RAG THWS Tool

Parts

Webscraper
- Disallow: /fileadmin/: Many PDFs are skipped due to this rule in robots.txt. ➔ Options:
  - Skip the rule for PDFs only (currently done carefully).
  - Or ask the university for explicit approval to scrape PDFs under /fileadmin/.
- Scrapy DeltaFetch: Use scrapy-deltafetch to avoid refetching already scraped pages. ➔ Benefits:
  - Faster, incremental crawls.
  - Only new or changed pages trigger updates (saves compute & storage).
- Handling database updates: ➔ Options for handling rescraped content:
  - Overwrite existing entries in Postgres based on URL primary key.

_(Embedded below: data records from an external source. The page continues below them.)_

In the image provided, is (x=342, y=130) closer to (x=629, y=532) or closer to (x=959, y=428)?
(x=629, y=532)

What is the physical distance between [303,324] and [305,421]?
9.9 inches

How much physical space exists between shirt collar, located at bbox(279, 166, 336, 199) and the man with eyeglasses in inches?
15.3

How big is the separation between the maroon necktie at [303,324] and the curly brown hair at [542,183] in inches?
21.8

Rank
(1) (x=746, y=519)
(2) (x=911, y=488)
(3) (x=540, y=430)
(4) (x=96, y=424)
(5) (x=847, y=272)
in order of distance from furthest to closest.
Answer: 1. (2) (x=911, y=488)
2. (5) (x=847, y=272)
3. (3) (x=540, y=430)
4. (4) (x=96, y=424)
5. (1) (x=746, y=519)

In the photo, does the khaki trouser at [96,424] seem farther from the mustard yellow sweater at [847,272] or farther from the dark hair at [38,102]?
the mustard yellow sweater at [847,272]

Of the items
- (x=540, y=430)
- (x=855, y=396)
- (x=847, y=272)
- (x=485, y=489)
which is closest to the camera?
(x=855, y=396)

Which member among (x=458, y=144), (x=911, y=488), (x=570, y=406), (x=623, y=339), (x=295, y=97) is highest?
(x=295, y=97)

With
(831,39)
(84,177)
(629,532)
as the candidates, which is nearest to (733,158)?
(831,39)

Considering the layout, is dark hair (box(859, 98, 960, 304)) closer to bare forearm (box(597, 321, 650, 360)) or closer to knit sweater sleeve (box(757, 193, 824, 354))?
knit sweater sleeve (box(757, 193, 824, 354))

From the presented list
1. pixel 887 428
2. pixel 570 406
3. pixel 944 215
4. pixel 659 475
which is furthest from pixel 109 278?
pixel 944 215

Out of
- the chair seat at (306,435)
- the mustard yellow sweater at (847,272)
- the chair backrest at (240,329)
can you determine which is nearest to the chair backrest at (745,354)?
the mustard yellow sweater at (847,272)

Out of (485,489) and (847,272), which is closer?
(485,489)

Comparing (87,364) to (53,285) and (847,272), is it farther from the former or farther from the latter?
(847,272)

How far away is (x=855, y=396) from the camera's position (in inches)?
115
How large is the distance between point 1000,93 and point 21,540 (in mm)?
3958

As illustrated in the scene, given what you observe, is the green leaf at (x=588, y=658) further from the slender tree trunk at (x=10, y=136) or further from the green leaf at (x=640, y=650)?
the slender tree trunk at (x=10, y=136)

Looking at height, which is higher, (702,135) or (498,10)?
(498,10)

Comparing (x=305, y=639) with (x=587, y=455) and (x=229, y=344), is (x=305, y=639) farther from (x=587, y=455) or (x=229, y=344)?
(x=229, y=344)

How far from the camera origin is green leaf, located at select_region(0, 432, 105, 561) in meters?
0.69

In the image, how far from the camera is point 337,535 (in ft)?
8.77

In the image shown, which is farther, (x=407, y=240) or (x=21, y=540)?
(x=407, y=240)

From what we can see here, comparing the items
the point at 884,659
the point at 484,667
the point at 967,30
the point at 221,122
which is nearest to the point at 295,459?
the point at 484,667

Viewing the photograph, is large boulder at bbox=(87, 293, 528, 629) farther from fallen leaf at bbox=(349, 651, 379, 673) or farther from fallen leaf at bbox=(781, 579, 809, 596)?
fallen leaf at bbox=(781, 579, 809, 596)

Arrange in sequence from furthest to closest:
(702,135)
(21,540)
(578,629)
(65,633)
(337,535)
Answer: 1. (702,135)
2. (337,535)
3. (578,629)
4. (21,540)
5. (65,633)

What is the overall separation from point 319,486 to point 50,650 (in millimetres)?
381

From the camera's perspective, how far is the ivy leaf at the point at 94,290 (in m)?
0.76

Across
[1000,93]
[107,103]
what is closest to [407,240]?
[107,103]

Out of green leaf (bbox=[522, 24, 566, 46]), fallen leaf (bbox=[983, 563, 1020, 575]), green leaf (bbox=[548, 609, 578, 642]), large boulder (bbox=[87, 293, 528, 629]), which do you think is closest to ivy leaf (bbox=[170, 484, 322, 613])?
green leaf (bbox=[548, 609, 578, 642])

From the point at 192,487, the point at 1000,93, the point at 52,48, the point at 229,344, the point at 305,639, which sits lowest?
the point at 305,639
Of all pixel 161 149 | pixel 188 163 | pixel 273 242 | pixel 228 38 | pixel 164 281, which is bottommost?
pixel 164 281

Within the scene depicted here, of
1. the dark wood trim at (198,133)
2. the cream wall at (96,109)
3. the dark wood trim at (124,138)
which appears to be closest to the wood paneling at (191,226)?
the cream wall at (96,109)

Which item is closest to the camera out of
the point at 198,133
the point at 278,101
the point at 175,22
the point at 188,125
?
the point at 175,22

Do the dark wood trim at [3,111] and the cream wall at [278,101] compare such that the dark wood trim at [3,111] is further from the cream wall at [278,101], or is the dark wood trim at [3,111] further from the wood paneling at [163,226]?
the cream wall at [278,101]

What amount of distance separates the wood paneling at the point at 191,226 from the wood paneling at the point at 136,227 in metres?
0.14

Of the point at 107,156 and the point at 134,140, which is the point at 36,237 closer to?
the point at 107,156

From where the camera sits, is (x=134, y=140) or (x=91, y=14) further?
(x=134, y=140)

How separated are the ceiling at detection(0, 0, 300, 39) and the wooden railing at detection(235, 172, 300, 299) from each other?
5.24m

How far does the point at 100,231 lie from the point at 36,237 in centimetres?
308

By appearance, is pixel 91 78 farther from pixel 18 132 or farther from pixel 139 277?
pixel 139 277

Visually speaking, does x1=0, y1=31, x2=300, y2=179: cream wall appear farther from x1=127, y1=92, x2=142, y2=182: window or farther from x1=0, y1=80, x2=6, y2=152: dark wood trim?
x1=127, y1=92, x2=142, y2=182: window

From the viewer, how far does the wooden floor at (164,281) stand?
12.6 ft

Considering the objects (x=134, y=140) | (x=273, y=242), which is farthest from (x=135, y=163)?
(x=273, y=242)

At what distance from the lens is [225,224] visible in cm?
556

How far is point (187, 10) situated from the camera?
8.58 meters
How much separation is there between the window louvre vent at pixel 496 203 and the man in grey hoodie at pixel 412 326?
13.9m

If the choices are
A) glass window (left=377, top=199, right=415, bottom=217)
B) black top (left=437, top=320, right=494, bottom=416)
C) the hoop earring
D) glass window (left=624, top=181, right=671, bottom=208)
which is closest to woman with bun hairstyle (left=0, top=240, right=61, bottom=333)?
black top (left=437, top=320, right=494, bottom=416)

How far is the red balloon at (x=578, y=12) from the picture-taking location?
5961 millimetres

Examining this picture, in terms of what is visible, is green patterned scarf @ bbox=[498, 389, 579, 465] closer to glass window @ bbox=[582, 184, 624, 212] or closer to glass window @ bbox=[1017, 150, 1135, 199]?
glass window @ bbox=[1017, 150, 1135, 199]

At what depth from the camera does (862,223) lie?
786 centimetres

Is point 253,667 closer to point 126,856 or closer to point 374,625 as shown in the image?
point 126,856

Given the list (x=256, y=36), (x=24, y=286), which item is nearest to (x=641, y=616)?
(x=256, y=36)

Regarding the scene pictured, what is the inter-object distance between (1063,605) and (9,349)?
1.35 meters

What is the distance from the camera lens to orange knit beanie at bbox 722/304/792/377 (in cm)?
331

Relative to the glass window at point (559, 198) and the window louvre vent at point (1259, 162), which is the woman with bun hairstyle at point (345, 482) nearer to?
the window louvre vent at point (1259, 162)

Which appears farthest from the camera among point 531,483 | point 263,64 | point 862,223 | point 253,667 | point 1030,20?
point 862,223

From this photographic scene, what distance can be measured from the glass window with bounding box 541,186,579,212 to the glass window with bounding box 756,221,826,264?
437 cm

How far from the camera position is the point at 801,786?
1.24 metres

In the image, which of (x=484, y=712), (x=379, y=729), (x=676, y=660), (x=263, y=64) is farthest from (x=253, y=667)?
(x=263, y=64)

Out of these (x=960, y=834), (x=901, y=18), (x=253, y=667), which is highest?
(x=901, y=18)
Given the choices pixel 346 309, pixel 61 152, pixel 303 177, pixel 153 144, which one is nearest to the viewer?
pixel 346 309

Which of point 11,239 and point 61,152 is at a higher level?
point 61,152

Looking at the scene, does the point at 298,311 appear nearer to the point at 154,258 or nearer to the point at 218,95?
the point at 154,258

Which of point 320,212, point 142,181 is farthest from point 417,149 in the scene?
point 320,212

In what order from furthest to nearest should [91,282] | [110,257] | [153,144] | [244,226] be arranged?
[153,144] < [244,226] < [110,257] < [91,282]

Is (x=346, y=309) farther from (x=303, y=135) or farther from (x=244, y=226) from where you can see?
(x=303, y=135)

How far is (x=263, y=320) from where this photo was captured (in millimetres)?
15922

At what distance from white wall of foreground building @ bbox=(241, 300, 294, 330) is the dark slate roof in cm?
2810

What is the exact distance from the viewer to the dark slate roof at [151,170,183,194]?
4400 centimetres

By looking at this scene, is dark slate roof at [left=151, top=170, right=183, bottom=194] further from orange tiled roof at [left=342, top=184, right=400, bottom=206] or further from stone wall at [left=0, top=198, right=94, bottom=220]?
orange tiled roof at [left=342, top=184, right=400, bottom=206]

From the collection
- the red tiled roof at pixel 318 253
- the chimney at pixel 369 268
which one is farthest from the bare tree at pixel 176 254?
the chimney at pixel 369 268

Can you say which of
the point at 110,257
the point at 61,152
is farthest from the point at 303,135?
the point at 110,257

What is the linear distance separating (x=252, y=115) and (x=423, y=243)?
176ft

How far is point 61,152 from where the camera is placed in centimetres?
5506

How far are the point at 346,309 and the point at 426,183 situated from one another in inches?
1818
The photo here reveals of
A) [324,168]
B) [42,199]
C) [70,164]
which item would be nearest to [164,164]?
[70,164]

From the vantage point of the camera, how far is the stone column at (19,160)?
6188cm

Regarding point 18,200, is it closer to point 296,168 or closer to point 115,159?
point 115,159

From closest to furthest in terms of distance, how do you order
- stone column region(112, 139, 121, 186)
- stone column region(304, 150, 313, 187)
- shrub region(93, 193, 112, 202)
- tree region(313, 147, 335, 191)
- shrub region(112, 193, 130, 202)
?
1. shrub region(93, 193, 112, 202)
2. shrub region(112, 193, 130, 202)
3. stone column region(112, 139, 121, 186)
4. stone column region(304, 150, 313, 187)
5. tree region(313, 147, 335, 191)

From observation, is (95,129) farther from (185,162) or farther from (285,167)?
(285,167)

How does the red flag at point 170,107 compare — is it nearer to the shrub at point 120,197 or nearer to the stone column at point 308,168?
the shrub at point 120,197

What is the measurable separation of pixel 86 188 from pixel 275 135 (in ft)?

  - Add new versions of the same document and track versions separately.
  - Delete old versions before inserting new ones (if freshness is critical).
- RAG Pipeline consequences: ➔ If we replace/update data:
  - Need to rechunk the updated documents. <>
  - Need to recreate embeddings for the changed chunks.
  - Need to rebuild or update the knowledge graph (KG) accordingly.
- Chunking & KG refresh strategy: ➔ Options:
  - Always rebuild from scratch after a new crawl. (simpler, heavier)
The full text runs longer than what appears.